The US light vehicle market is bouncing back in November following the negative impact caused by Hurricane Sandy at the end of October, according to data released by JD Power and LMC Automotive.
Retail sales have picked up strongly this month and are projected to come in at 931,900 units, which represent a seasonally adjusted annualised rate (SAAR) of 12.9m units. November is expected to reflect the highest retail selling rate since January 2008.
“Sales have strengthened each week in November, which bodes well for a strong finish to the month and the year,” said John Humphrey, senior vice president of global automotive operations at JD Power and Associates. “We expect healthy sales in December, as the industry continues to recover from Sandy and leads into its year-end sales events.”

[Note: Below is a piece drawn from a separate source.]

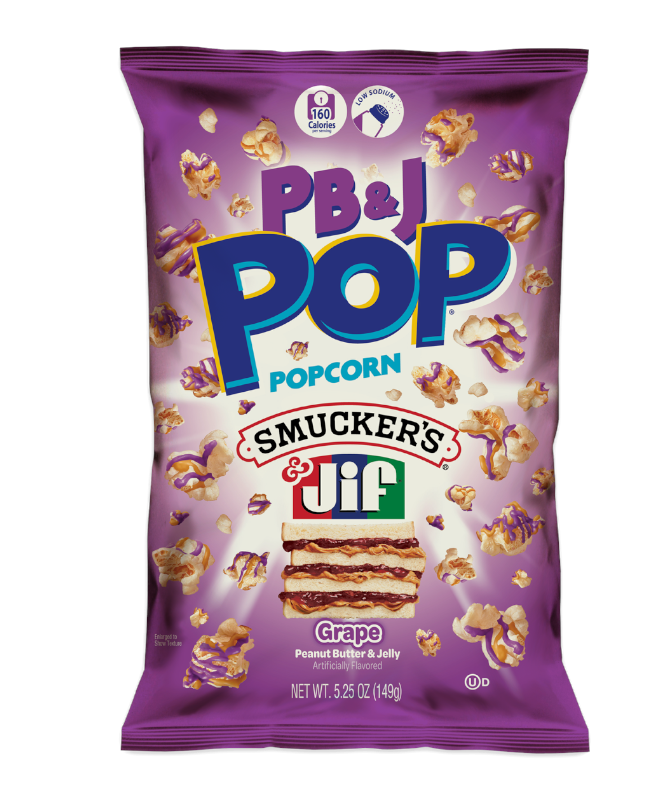 PB&J Pop Peanut Butter & Grape Popcorn 149g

Total light vehicle sales in November are forecast to show year-on-year growth of 12% with volume at 1,113,500 units. Fleet sales are expected to hold steady below a 17% share of total sales, which is the same level as October but lower than the 18 percent share last November.

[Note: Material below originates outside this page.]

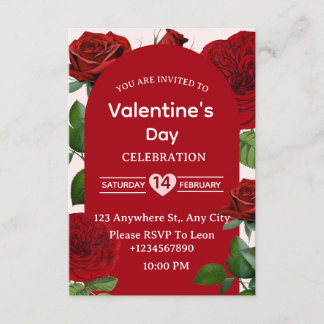 Valentijns Uitnodigingskaart Kaart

LMC Automotive is maintaining the 2012 forecast for total light vehicle sales in the US at 14.4m units and the forecast for retail sales at 11.7m units. LMC said that while the forecast still rounds to the same numbers as it did in October, the overall outlook is more favourable.
The forecast for 2013 remains at 15m units for the total light vehicle market (12.2m units for retail sales). The 2013 forecast is consistent with others and represents a slower growth rate of 4% from 2012. There continues to be the possibility of accelerating the growth in 2013, as the current level of uncertainty is expected to be reduced in the first half of the year.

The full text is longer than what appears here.